The feeling of nostalgia experienced within the space was disrupted however, with portrait drawings on glossy magazine paper placed alongside the objects and relics. Kidd-Crow utilised the typically remote, yet beautiful landscapes particular to National Geographic, to appeal to his audience a means of escape to an ideal ‘otherworld’. According to Kidd-Crowe the drawings are symbolic of our yearning to connect with ‘nature’ and the natural world. The drawings are surreal portraits with psychological connotations. Extraordinary figures loom from sublime landscapes and beaches. The raw emotions of thought evoked within the portraits are expressed in the paintings.
Similar to the desire for escape, evoked by the placement of the portrait drawings on lush landscape backgrounds, a video installation titled ‘Climbing’, 2009, explores the unsatisfied desire for the sublime. Through nature and the natural world, the film begins with serene imagery that begins to snap and jump as the film journeys through a chaotic array of movement, transcending into still calm of blue sky and cloud. Watching ‘Climbing’, I was captivated by the appearance of the void created by the close filming of the tree branches and distant sky. This is enhanced by particular movement created during filming such as the transition of sudden jerky circular motion to tranquillity.

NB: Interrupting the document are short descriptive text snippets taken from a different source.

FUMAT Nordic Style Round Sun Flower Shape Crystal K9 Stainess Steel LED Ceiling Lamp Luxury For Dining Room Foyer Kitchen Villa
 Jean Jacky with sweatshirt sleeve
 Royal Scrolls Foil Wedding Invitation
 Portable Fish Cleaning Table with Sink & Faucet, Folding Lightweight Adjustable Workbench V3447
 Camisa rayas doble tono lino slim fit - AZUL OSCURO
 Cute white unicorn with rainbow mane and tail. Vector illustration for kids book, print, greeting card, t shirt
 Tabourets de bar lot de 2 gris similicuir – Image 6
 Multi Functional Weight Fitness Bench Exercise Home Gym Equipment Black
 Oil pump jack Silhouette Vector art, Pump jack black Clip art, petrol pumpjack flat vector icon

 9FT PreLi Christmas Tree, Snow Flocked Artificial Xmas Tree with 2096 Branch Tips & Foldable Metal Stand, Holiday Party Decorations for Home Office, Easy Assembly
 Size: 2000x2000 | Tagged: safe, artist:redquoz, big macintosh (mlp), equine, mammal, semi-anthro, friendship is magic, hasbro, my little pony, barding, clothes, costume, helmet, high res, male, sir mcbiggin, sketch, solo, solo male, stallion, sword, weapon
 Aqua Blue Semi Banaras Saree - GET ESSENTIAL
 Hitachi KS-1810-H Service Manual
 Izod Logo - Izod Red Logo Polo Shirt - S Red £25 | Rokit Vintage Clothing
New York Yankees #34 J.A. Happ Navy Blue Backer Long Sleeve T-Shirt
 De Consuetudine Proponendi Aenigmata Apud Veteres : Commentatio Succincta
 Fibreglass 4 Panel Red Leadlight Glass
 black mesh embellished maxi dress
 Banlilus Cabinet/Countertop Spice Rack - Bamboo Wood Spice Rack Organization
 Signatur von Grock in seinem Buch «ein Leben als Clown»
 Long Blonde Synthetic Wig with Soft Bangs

Kidd-Crowe acknowledges an influence from American painter Forrest Bess and Swiss installation artist Carol Bove. He is attracted to the obscurity conveyed within the work of Australian painter Ian Fairweather. In the same way Kidd-Crowe rapidly paints thought and imagery as they come to mind, Bess terms himself a visionary painter and ‘makes no conscious effort to paint’. He closes his eyes and paints colour line pattern and form, copying them as they come to mind ‘exactly without elaboration’.2 For Kidd-Crowe, Carol Bove’s interest in the sense of history contained within an object is not unlike his own desire to imagine the collective personal history or memory hidden within his own installation of objects and relics.3
Illuminations is a collective reflection of thought and memory presented in figurative abstraction. Although the figure is not present within the installation, the remains of the figures memory embody the space. Kidd-Crowe challenges the viewer with self examination as his works conveys a catharsis of emotion, a narrative of a collective personal past, and a means of escape. This exhibition touches on human primal emotions through the exploration of that which most of us would secretly keep hidden.